He figured that if he had stayed in Manila, he would have been living a predictable life, and it would be that of an upper middle class, white collar employee, “just like everyone else.” He had opted for the road less traveled.

In Australia, he learned independence and the value of manual labor and hard work. While he works in an office now, he went through other jobs where he learned a lot and discovered his curious, adventurous side. He is well-read and has learned a lot of life skills. He is friendly, charming and gets along with everyone very easily. He can also be very generous with his time and resources.

After a few months of being with Ala and Mio, Lydia and I returned to Manila a week ago from Sydney.

Four days ago, as I was lying in bed ready to sleep, my daughter Erica who lives and works in Paris suddenly walked into our bedroom. It was all unexpected. She had come home because of the death of a friend’s relative. While it may have been a sad circumstance that brought her home, it was a welcome surprise reunion between Erica, her daughter Ananda and us.

As I am writing this, I can see a lot of activity going on in our home kitchen. Erica, a graduate of Le Cordon Bleu’s famous culinary course in Paris, and trained at the Michelin-starred Robuchon restaurant, is cooking up something with her daughter Ananda.

I can smell delicious, sumptuous food emanating from where they are. My wild, restless firstborn who was our most high-maintenance child seems to have found her bliss in being a chef at age 38. I am happy about that.

Since we are spread out all over the world, events like Christmas can be problematic. Everyone seems to have their own plans right now. It is entirely possible that we may not be together for the first time this Christmas. Lydia and I may have to spend it alone.

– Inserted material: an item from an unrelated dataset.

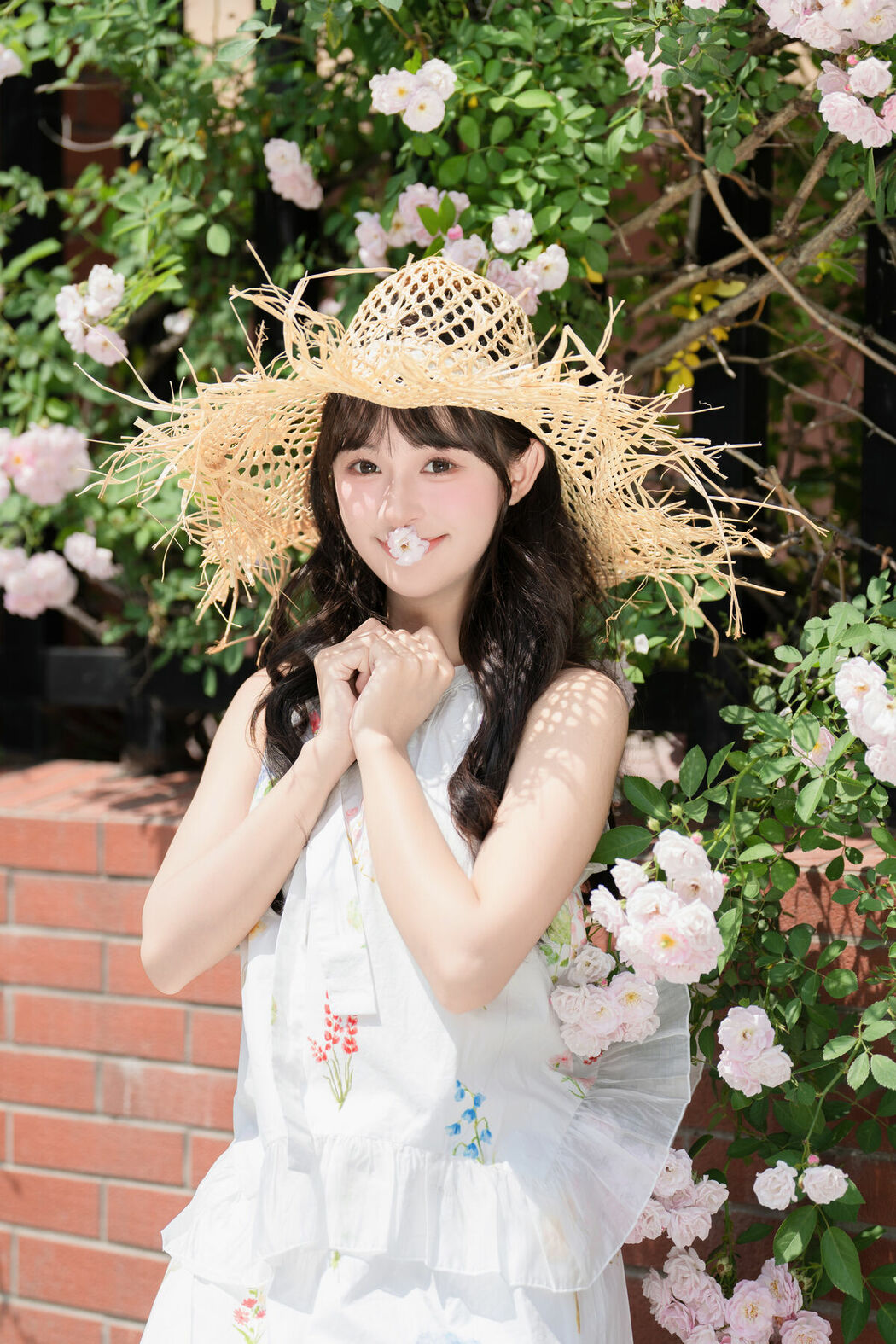YiTuYu艺图语 Vol.10121 Xia Yu Xiao Nian (36P)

Our family may have grown up but it continues to evolve. As our children start living more of their lives and dreams and create their own stories, Lydia and I are moving towards being empty nesters. Our family members may not be living under one roof anymore, and not even on the same continents. But we feel bonded and united as one. More than ever.

As grandparents, we enjoyed helping Ala and John in Sydney take care of their baby Zadie so they could catch up with their sleep. Ananda, now a teenager, is under our care for the moment until she joins her mom in Paris soon.

Our children may have come into this world as undefined humans. We raised them as best as we could and continue to be around to help when they need it. They are all grown-up now. We are grateful to see how much they love each other and actually enjoy each other’s company.

We see them as fine human beings who know how to love, and be loved. They are compassionate and kind people. They will hopefully contribute positively to the world.

Sometimes I feel our work as parents may be over. The kids are grown up and two of them have children of their own. I hope they give us more grandchildren.

Mother Teresa once asked the rhetorical question, “What can you do to promote world peace?” She answered it by saying, “Go home and love your family.”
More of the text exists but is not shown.